_TASK MATERIAL:_
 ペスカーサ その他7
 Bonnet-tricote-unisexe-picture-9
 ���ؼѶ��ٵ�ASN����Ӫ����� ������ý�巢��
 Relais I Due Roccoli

==

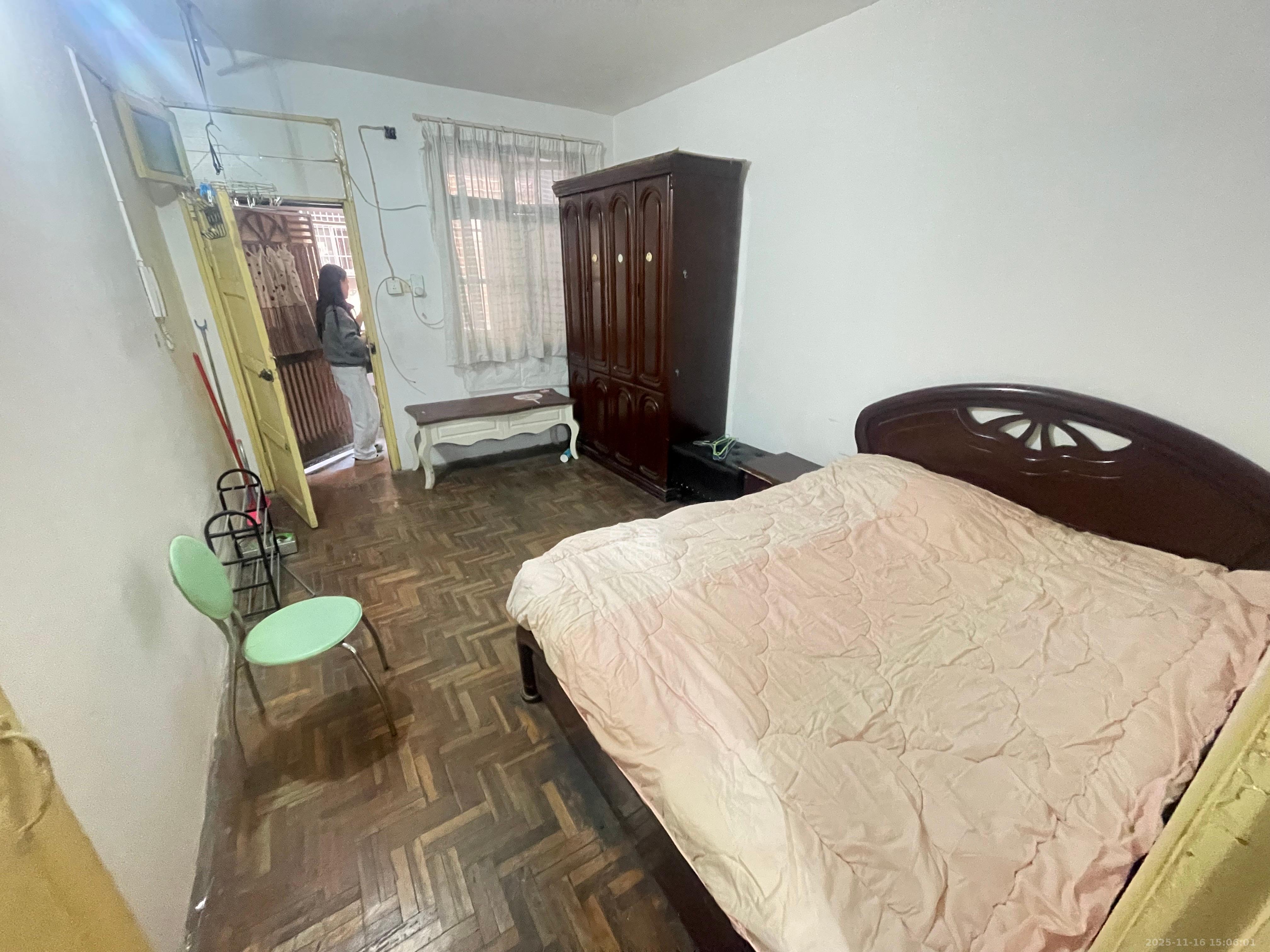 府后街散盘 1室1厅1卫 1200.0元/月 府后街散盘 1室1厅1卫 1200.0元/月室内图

_HOW TO COMPLETE THIS TASK:_ Copy out only the lines above from the one with "Bonnet-tricote-unisexe-picture-9" to the one with "Relais I Due Roccoli", inclusive, exactly as they stand.

_RESULT BELOW:_
 Bonnet-tricote-unisexe-picture-9
 ���ؼѶ��ٵ�ASN����Ӫ����� ������ý�巢��
 Relais I Due Roccoli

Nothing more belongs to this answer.